You will then get a message stating that it is spinning down the drive and will then message what dev it is as well and will tell you when it has completed. Once completed you can remove the drive and then replace with the new one.

The reverse is the case to spin the drive up and make it available to linux:

# echo "scsi add-single-device" 0 0 1 0 > /proc/scsi/scsi

Will give the dev name and say the drive is spinning up and then give the queue and tag information and then give ready and the size and device name.

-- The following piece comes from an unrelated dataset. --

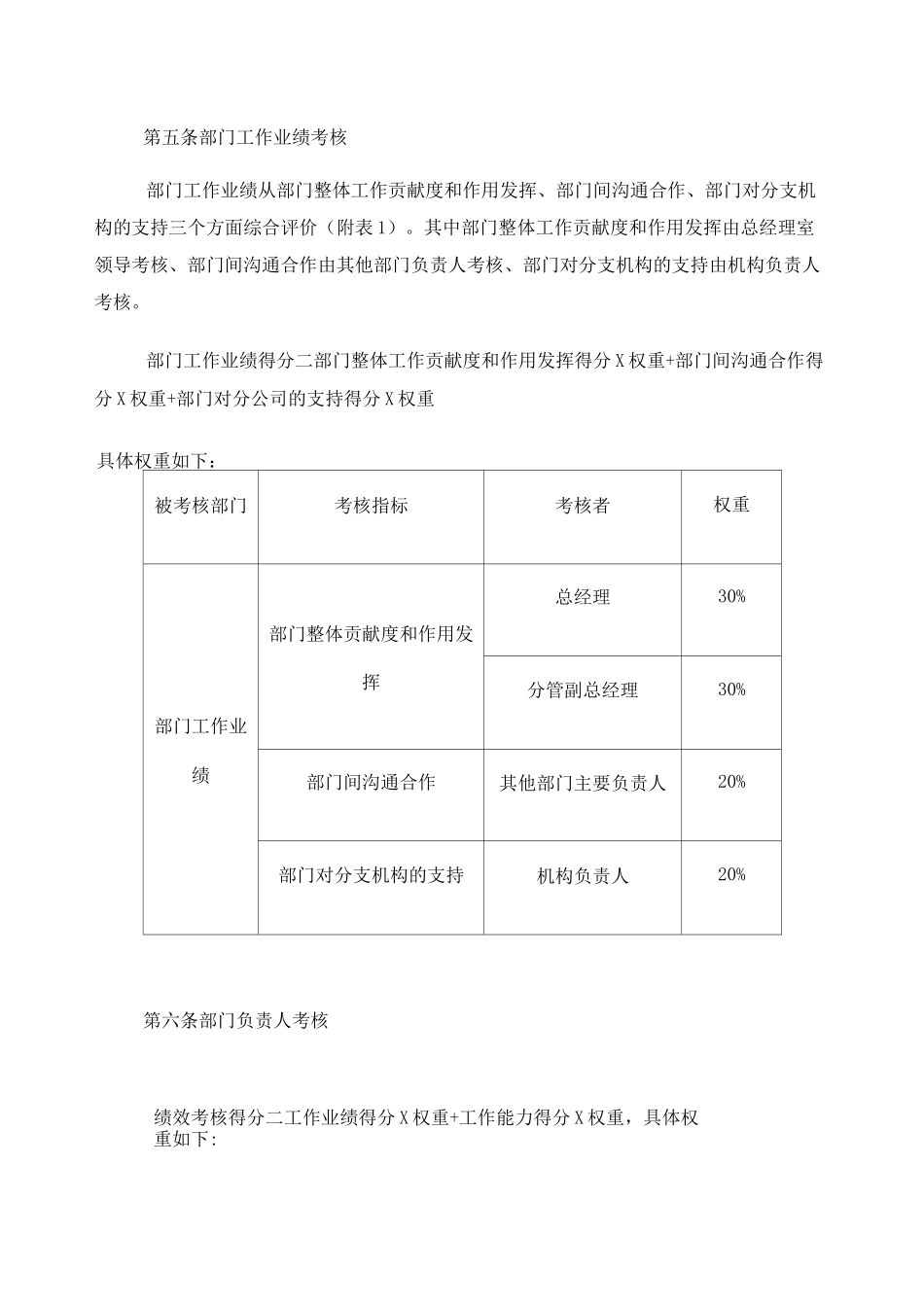 保险公司度绩效考核方案_第2页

Restore Partitioning Information

Once the drive is installed, you probably have to apply a partition table. The easiest way to do this is to run the fdisk command against the drive, then write the default partition table back to the disk:

# fdisk /dev/sdb
Device contains neither a valid DOS partition table, nor Sun, SGI or OSF disklabel
Building a new DOS disklabel. Changes will remain in memory only,
until you decide to write them. After that, of course, the previous
content won't be recoverable.

The number of cylinders for this disk is set to 19457. There is nothing wrong with that, but this is larger than 1024, and could in certain setups cause problems with: 1) software that runs at boot time (e.g., old versions of LILO) 2) booting and partitioning software from other OSs (e.g., DOS FDISK, OS/2 FDISK) Warning: invalid flag 0x0000 of partition table 4 will be corrected by w(rite)

Command (m for help): w The partition table has been altered!

Calling ioctl() to re-read partition table. Syncing disks.

In any case you have to restore the partition using the sfdisk command and the files you made at array creation time:

# sfdisk /dev/sdb < /etc/partitions.sdb

This will autopartition the drive to exactly what it was partitioned before and now you are ready to recreate the raid partitions that were previously on the failed disk.

(One interesting scenario that I ran into was that I inserted two identical disks that fdisk reported as having different geometries. I took the partitioning from the running one and applied it to the second, and the second disk took on the apparent geometry of the first. Note that I did not have to use the force option to apply the partitioning information.)

Running Raid Commands to Recover Partitions

The commands to rebuild or remove raid partitions are rather simple. You have to understand where and what to look at to see the health of the raid partitions as well as which /dev/sda and /dev/sdb partitions are assigned to what md raid device. You see that within the /proc filesystem just like you did with scsi. The filename is mdstat and is in the root of /proc:

# less /proc/mdstat

md1 : active raid1 sda1[1] 40064 blocks [2/1] [_U]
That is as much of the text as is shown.